* [EXERCISE OBJECTIVE]: Although the entries contain pictures, write out only their text, exactly as it stands.
GIVEN DATA section start
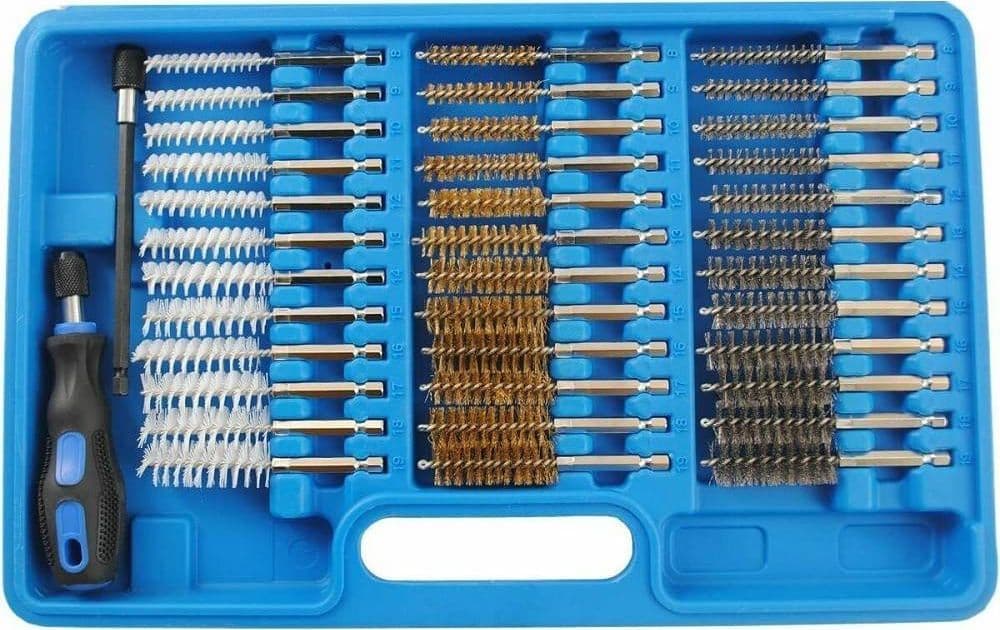 SET COMPLETO DI 38 SCOVOLI PER LA PULIZIA E LA SBAVATURA DI CILINDRI BOCCOLE - 3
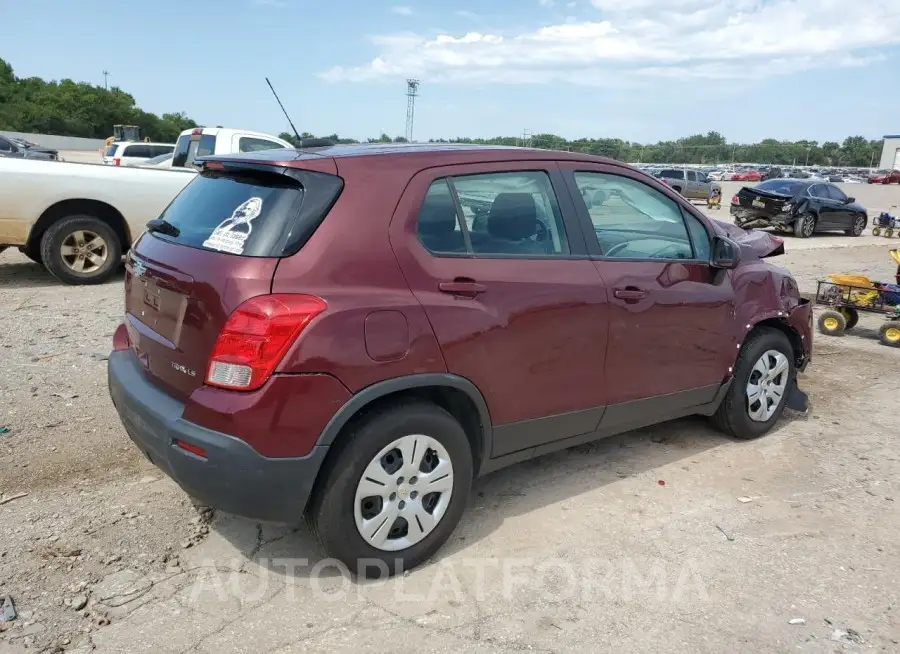 CHEVROLET TRAX LS 2016 vin 3GNCJKSB9GL248496 from auto auction Copart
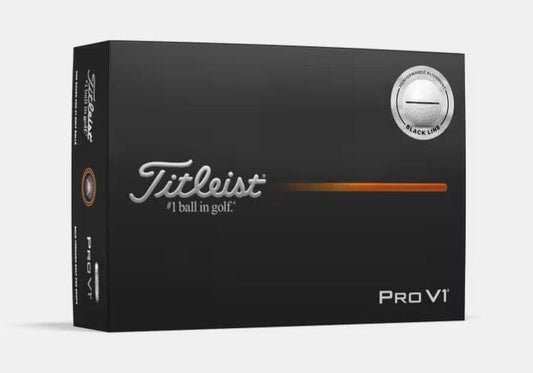 Balles de golf Titleist Pro V1 2025 Aim Performance Alignement, boîte de 12, blanches, pour performance et précision.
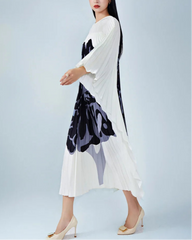 Luxury Pleated Caftans Dress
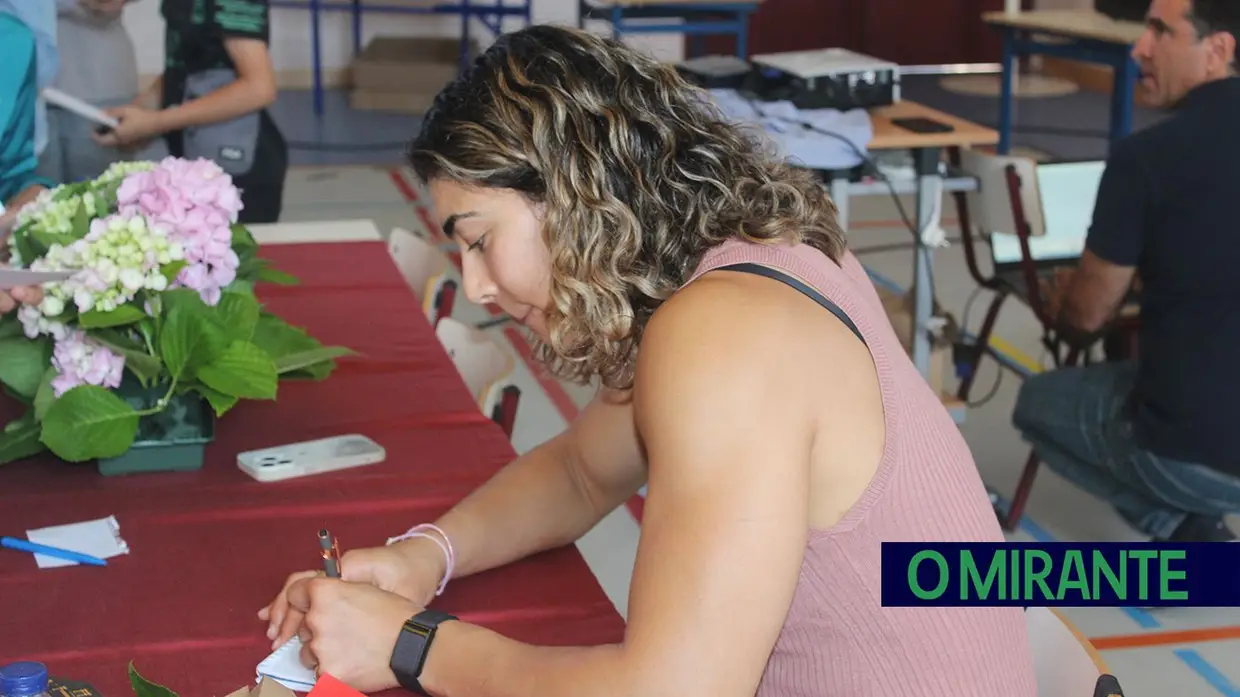 Agrupamento Templários homenageou Patrícia Sampaio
GIVEN DATA section end
* [RESPONSE]:
 SET COMPLETO DI 38 SCOVOLI PER LA PULIZIA E LA SBAVATURA DI CILINDRI BOCCOLE - 3
 CHEVROLET TRAX LS 2016 vin 3GNCJKSB9GL248496 from auto auction Copart
 Balles de golf Titleist Pro V1 2025 Aim Performance Alignement, boîte de 12, blanches, pour performance et précision.
 Luxury Pleated Caftans Dress
 Agrupamento Templários homenageou Patrícia Sampaio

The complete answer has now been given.